Consensus Statements and Real-World Implications

2014 ACOG / SNFM statement

In March, ACOG and SMFM released a consensus statement on prevention of primary cesareans. It made several significant recommendations, such as:

  • A prolonged latent phase (eg, greater than 20 hours in nulliparous women and greater than 14 hours in multiparous women) should not be an indication for cesarean delivery.
  • Cervical dilation of 6 cm should be considered the threshold for the active phase of most women in labor….
  • Before 41 0/7 weeks of gestation, induction of labor generally should be performed based on maternal and fetal medical indications. Inductions at 41 0/7 weeks.. should be performed to reduce the risk of cesarean delivery… perinatal morbidity and mortality.
  • Cesarean delivery to avoid potential birth trauma should be limited to estimated fetal weights of at least 5,000 g… [Note: that’s 11 pounds]

All potential game changers, right? And there’s more! If you haven’t read the statement yet, do. All childbirth educators would benefit from the info on typical length of pregnancy, length of labor, etc.

But, I find myself wondering. Will it be a game changer?

How much effect does a consensus statement (even a major one like this) have on actual practice and how long does it take for that effect to appear?

2010 VBAC Consensus Statement

So, let’s look back at another major consensus statement: Vaginal Birth after Cesarean, an NIH consensus statement from March 2010.

First, the context for the NIH consensus panel: This was at a time when VBAC rates had been dropping steadily since 1997. One factor in these dropping rates was availability of VBAC as an option. In 1999, ACOG released a practice guideline that trial of labor should only occur in hospitals where physicians and anesthesiologists are “immediately available” 24 hours a day to perform emergency cesareans. A joint statement from ACOG and ASA in 2008 re-affirmed this.  Surveys found that 30% of hospitals (especially smaller hospitals and rural facilities) stopped offering trial of labor because they could not provide immediate surgical and anesthesia services.

The NIH recommendations in 2010 included:

  • Given the available evidence, trial of labor is a reasonable option for many pregnant women with one prior low transverse uterine incision.
  • When trial of labor and elective repeat cesarean delivery are medically equivalent options, a shared decision-making process should be adopted and, whenever possible, the woman’s preference should be honored.
  • We are concerned about the barriers that women face in gaining access to … trial of labor. Given the low level of evidence for the requirement for “immediately available” surgical and anesthesia personnel… we recommend [ACOG and ASA] reassess…
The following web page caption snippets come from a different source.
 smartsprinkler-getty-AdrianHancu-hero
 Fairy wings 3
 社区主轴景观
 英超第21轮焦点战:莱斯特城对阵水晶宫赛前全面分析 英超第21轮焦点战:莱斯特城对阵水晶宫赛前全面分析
What effect did this NIH statement have on ACOG?

ACOG did update their clinical guidelines on VBAC in August of that year. There was some positive progress toward VBAC access there, such as the statement “Most women with one previous cesarean delivery with a low transverse incision are candidates for and should be counseled about vaginal birth after cesarean delivery (VBAC) and offered a trial of labor after previous cesarean delivery (TOLAC).” However, despite the NIH recommendation to reassess this requirement, they retained the wording “TOLAC [should] be undertaken in facilities with staff immediately available to provide emergency care”

What effect did the NIH statement have on VBAC rates?
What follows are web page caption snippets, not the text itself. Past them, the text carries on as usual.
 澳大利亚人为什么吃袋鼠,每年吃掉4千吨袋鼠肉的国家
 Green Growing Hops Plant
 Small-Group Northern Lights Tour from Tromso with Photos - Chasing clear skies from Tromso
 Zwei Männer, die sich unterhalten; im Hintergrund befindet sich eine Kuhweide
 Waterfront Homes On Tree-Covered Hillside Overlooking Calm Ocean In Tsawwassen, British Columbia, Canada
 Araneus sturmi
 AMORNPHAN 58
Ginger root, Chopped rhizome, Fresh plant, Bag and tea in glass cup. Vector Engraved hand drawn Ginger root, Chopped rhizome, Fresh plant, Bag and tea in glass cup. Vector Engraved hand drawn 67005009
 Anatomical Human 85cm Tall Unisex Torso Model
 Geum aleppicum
In 2009, VBAC rate was 8.4%. The NIH statement was released in March of 2010. The 2010 rate was 9.2%, 2011 was 9.7%, and 2012 was 10.2%. [Data is not yet available for 2013.]

So, we have seen some improvement since the consensus statement, which is good news for VBAC advocates.

However, we are nowhere near the rates seen in the mid-1990’s before ACOG recommended “immediate access” requirement for hospitals allowing VBAC.

VBAC rate

Obviously, there are many factors at play in the VBAC rate, beyond the NIH recommendations and the ACOG Guidelines, such as financial reimbursements for procedures, liability concerns and more. Plus, practitioners may be slow to change their practice.

I suspect that some of the new guidelines from the 2014 ACOG / SMFM statement will become standard practice quickly, others are already being viewed as controversial, and are less likely to become standard practice.